From the material below, reproduce exactly the stretch of lines that begins with the line holding "2025 Genesis G80" and ends with the line holding "2022 Genesis G70 2.0T", skipping the pictures.

--- Data in this exercise ---
%%

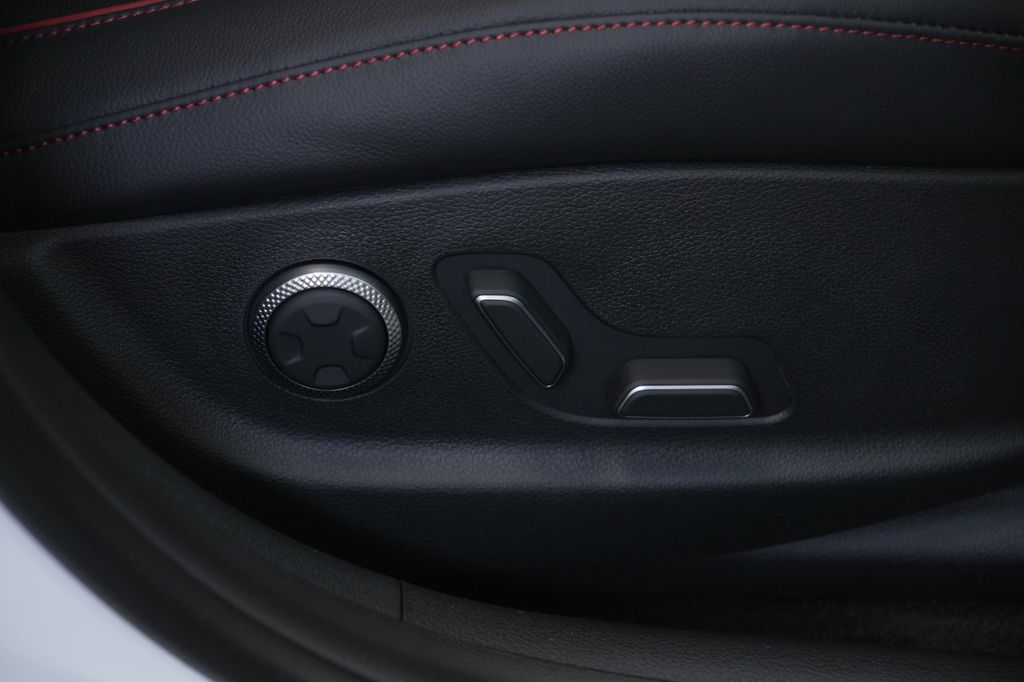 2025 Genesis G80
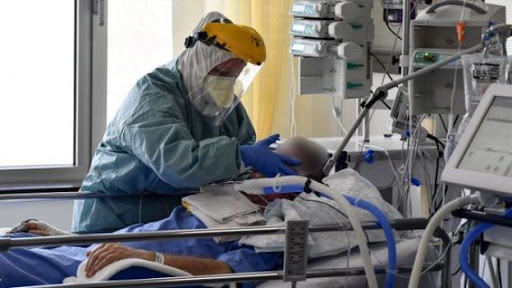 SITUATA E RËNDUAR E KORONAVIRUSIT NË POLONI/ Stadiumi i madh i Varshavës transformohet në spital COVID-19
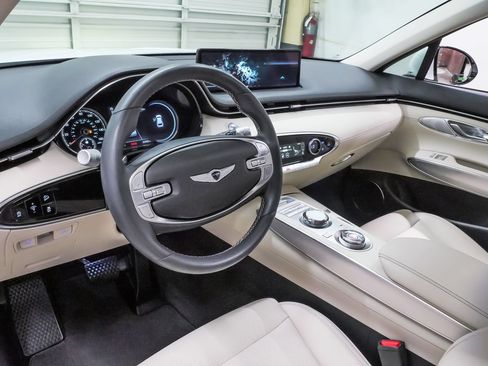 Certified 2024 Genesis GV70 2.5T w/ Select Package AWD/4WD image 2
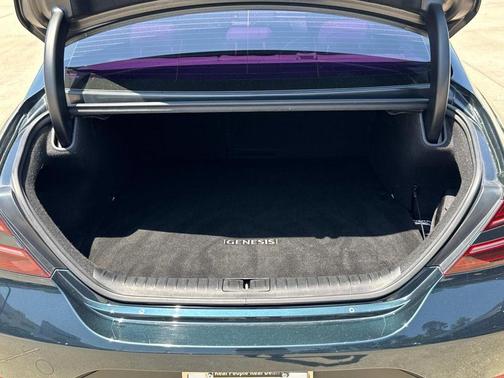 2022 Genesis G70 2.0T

%%
%%

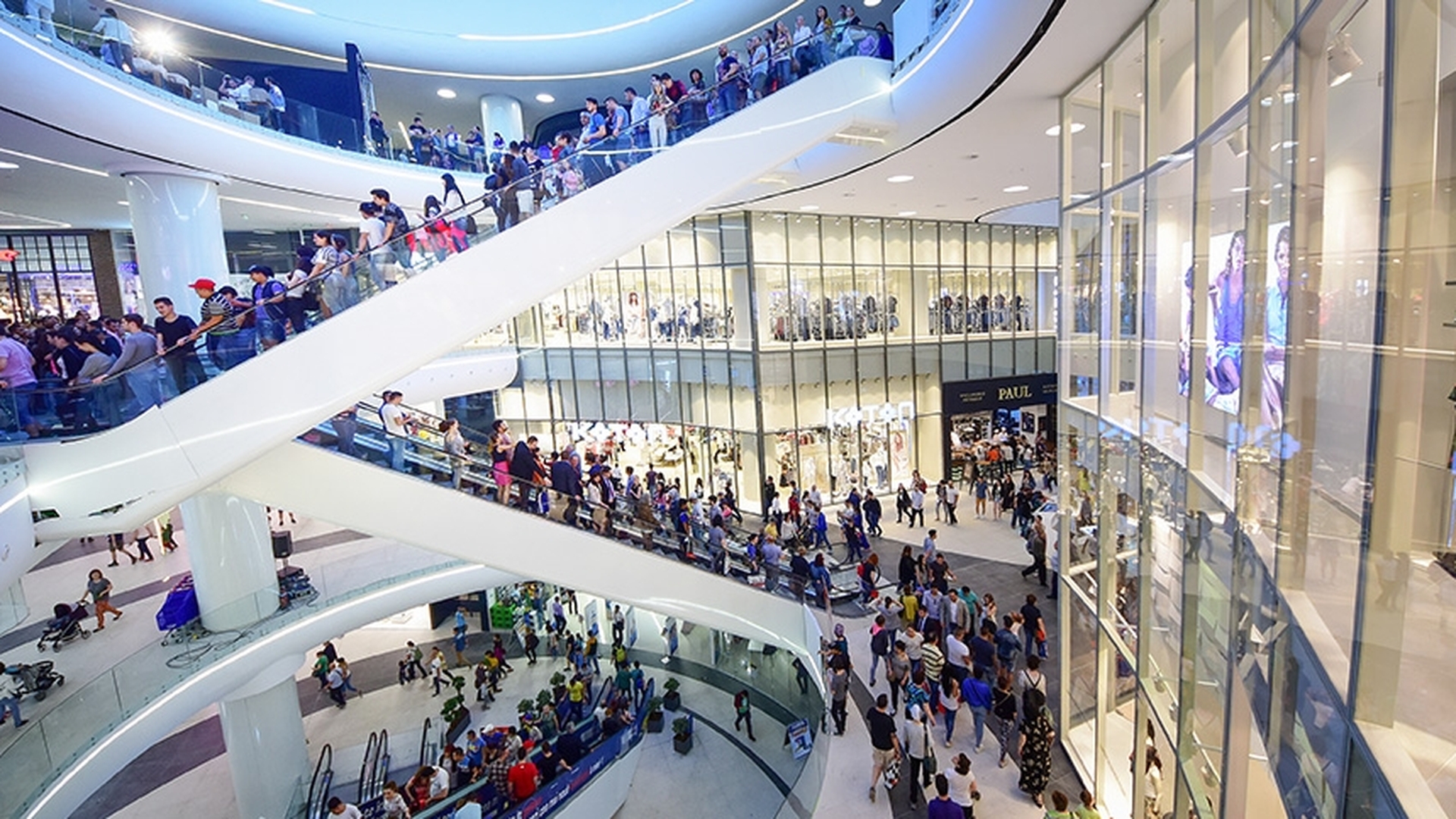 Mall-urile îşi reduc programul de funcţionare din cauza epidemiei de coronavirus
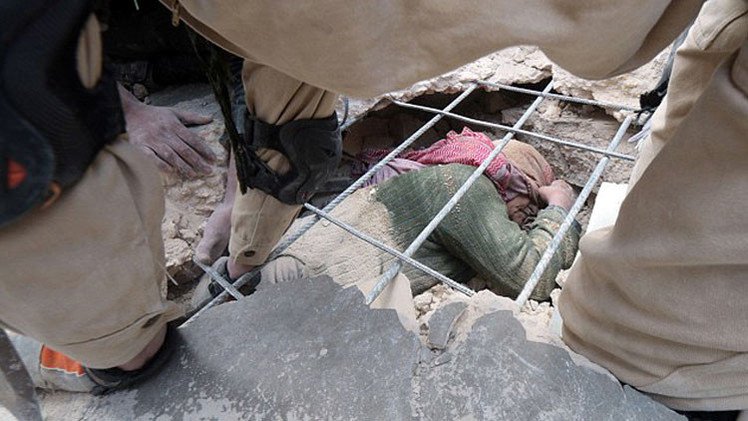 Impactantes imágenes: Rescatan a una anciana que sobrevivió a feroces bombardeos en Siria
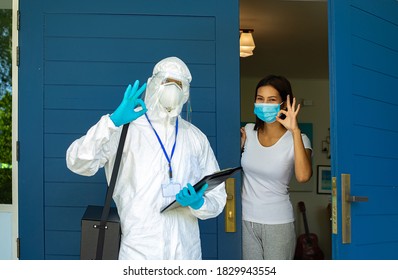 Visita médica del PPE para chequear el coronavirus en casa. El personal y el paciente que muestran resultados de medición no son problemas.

%%
%%

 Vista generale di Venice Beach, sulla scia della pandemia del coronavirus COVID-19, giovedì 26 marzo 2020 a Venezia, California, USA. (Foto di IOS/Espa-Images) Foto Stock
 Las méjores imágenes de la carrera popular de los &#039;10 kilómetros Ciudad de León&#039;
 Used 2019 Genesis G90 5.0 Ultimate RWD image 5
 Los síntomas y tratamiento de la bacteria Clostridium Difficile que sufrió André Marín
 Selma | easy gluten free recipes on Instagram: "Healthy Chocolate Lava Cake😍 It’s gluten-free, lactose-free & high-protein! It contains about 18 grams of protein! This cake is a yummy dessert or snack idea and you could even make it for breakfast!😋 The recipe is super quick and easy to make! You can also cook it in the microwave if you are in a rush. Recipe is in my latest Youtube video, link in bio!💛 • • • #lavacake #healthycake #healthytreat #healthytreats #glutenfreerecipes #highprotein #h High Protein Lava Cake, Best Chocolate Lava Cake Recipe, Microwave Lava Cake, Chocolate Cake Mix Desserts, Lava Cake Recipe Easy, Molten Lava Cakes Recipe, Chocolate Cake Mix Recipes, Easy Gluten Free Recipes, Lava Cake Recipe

%%

--- Worked solution ---
 2025 Genesis G80
 SITUATA E RËNDUAR E KORONAVIRUSIT NË POLONI/ Stadiumi i madh i Varshavës transformohet në spital COVID-19
 Certified 2024 Genesis GV70 2.5T w/ Select Package AWD/4WD image 2
 2022 Genesis G70 2.0T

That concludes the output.